** Work to be completed **
In the records below, the relevant part opens with the line containing "Weathered green wooden" and closes with the line containing "Bolivente Pembe Regular"; print that part exactly and only, without its pictures.

** Recorded information **
____

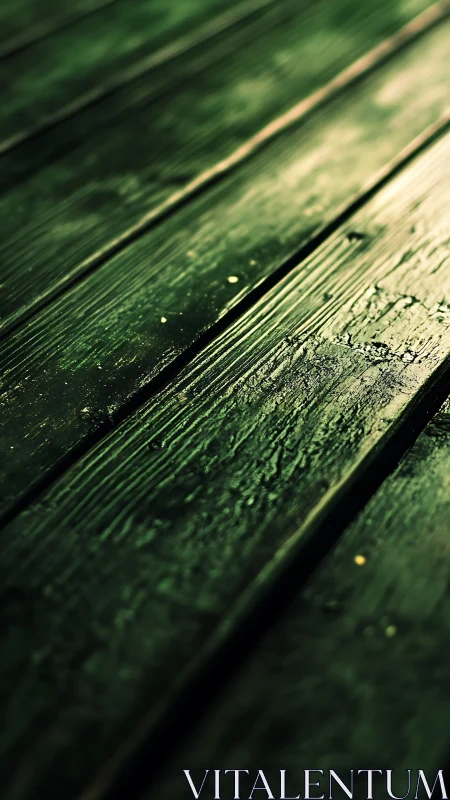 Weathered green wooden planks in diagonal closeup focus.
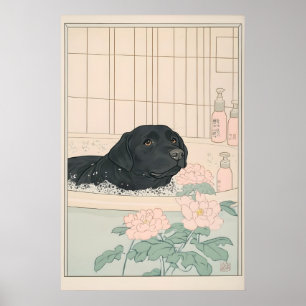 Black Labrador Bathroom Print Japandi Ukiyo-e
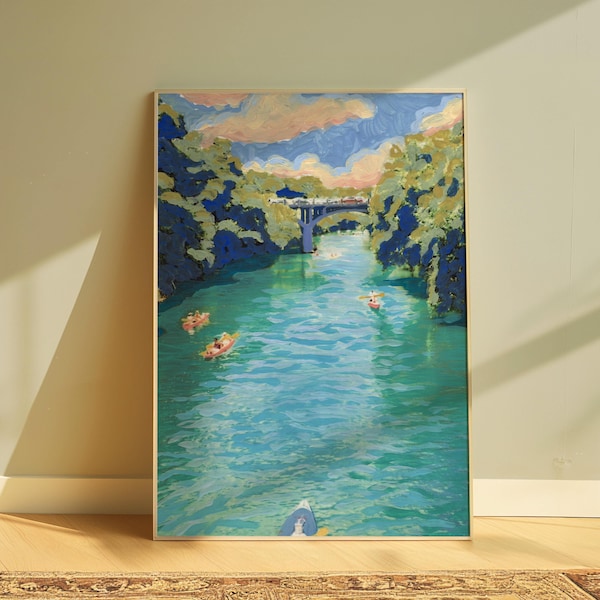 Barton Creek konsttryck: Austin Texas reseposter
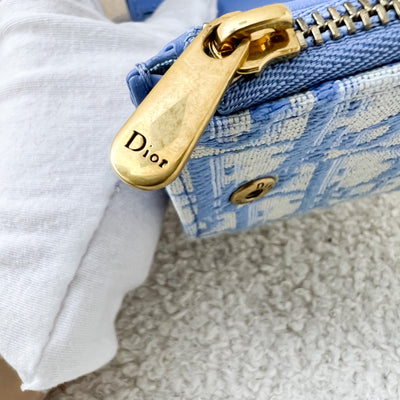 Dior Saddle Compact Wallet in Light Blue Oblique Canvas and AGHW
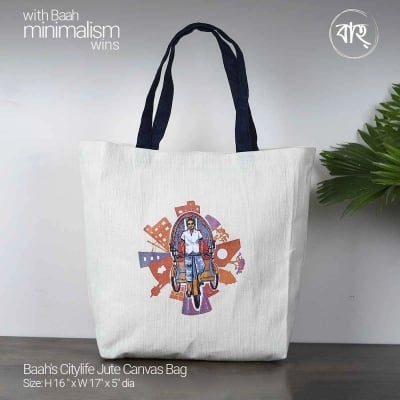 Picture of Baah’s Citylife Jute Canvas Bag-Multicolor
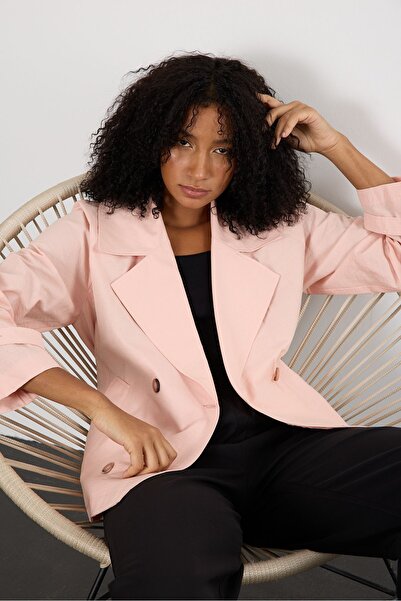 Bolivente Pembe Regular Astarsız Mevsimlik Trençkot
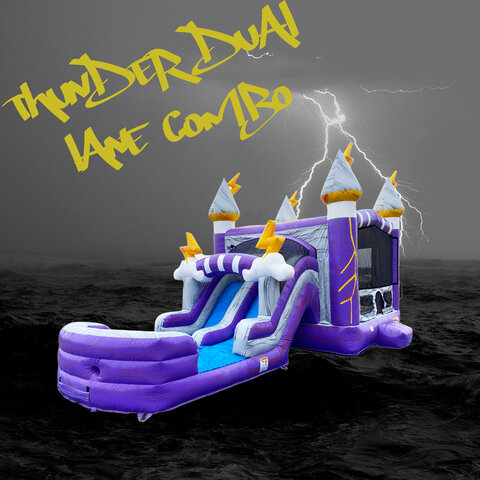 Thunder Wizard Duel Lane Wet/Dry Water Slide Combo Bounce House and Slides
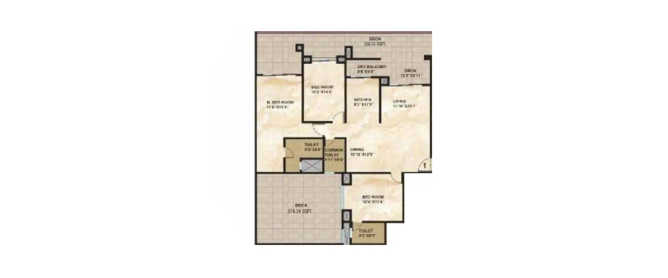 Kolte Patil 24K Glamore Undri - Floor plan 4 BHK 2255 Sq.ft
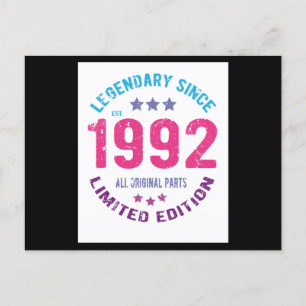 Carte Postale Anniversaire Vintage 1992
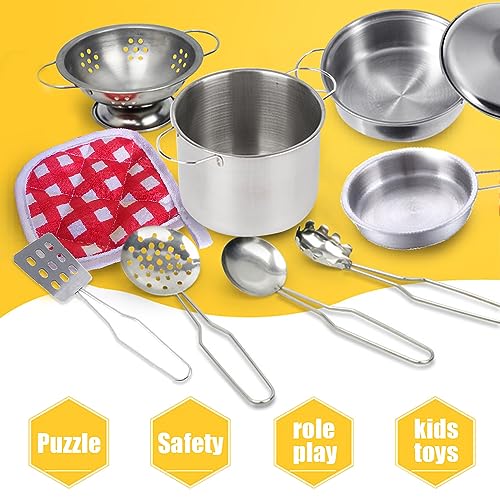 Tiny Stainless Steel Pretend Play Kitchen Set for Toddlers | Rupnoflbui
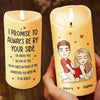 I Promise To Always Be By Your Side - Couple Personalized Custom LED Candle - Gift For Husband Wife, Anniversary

____

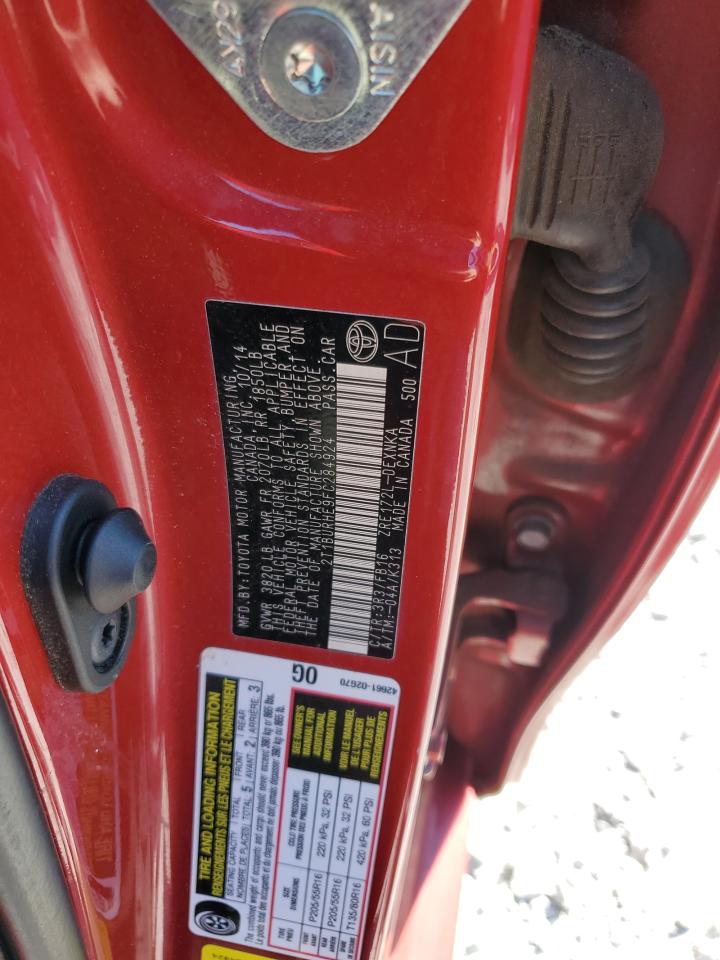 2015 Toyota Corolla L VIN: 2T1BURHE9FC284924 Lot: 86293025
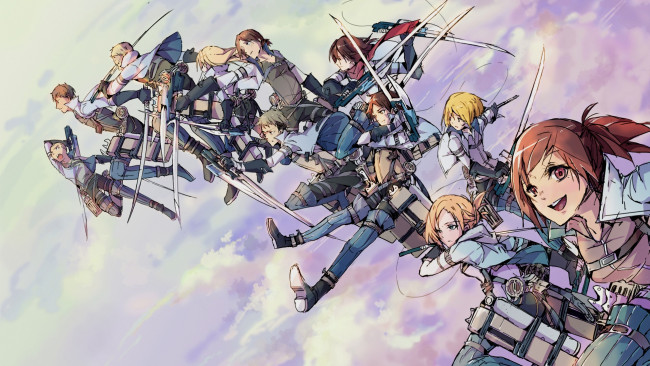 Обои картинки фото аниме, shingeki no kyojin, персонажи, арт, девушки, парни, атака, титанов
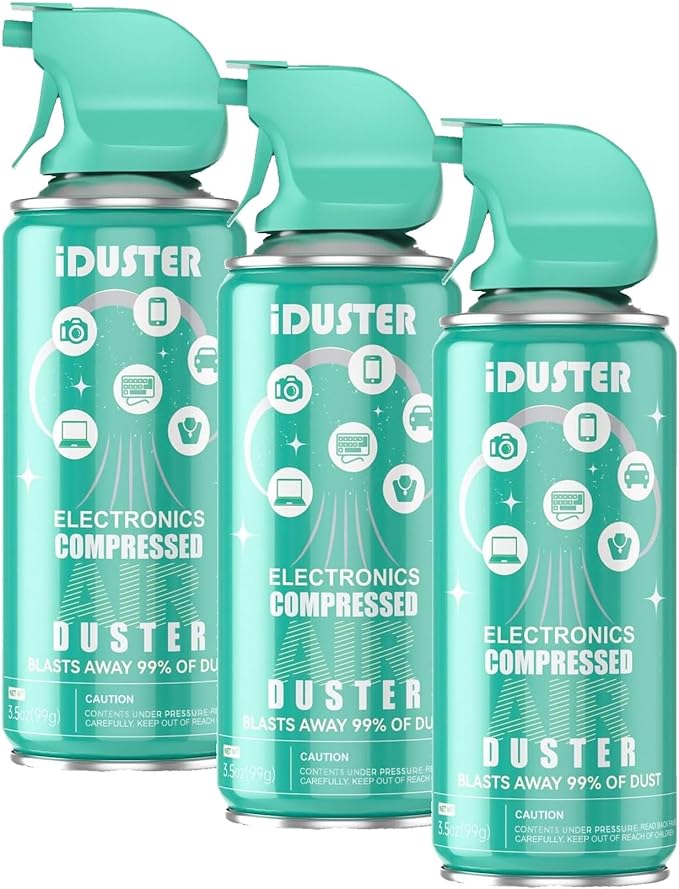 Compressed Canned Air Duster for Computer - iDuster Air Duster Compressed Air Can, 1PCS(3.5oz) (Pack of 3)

____

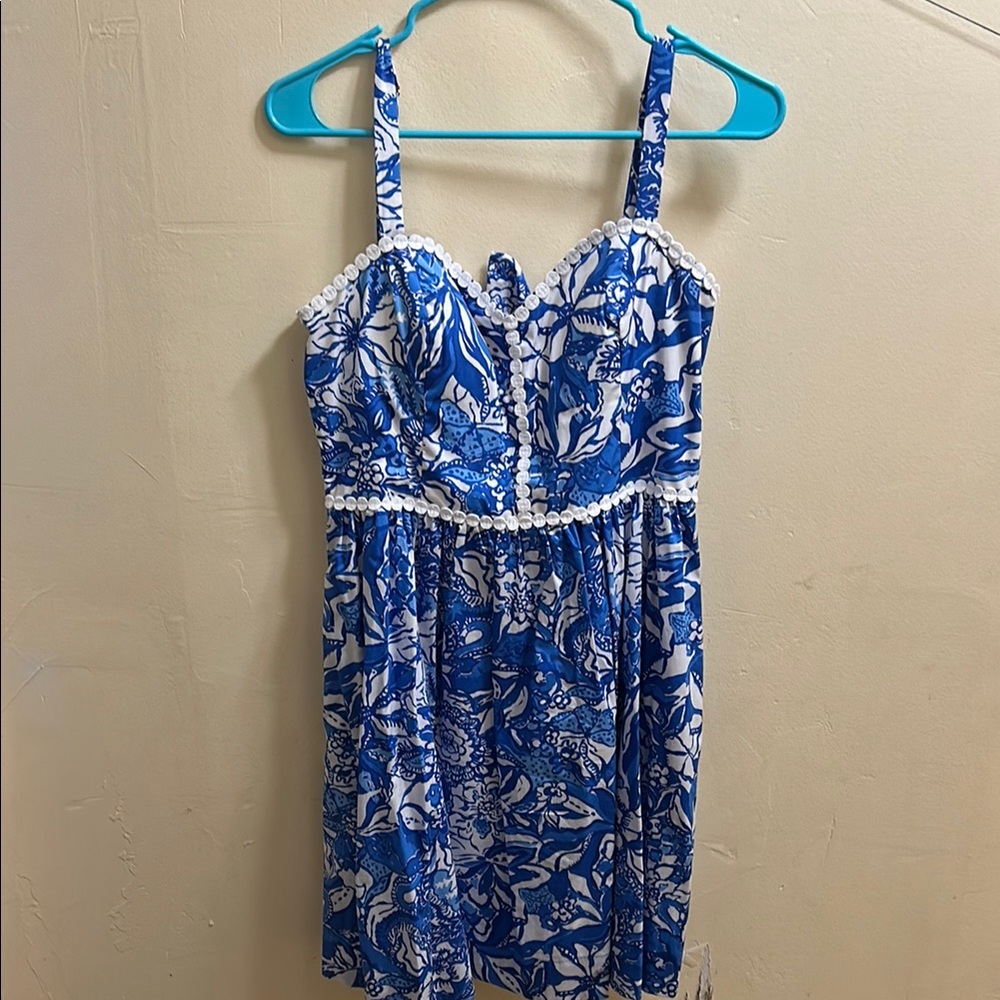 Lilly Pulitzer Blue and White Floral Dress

____

** Solution for this problem **
 Weathered green wooden planks in diagonal closeup focus.
 Black Labrador Bathroom Print Japandi Ukiyo-e
 Barton Creek konsttryck: Austin Texas reseposter
 Dior Saddle Compact Wallet in Light Blue Oblique Canvas and AGHW
 Picture of Baah’s Citylife Jute Canvas Bag-Multicolor
 Bolivente Pembe Regular Astarsız Mevsimlik Trençkot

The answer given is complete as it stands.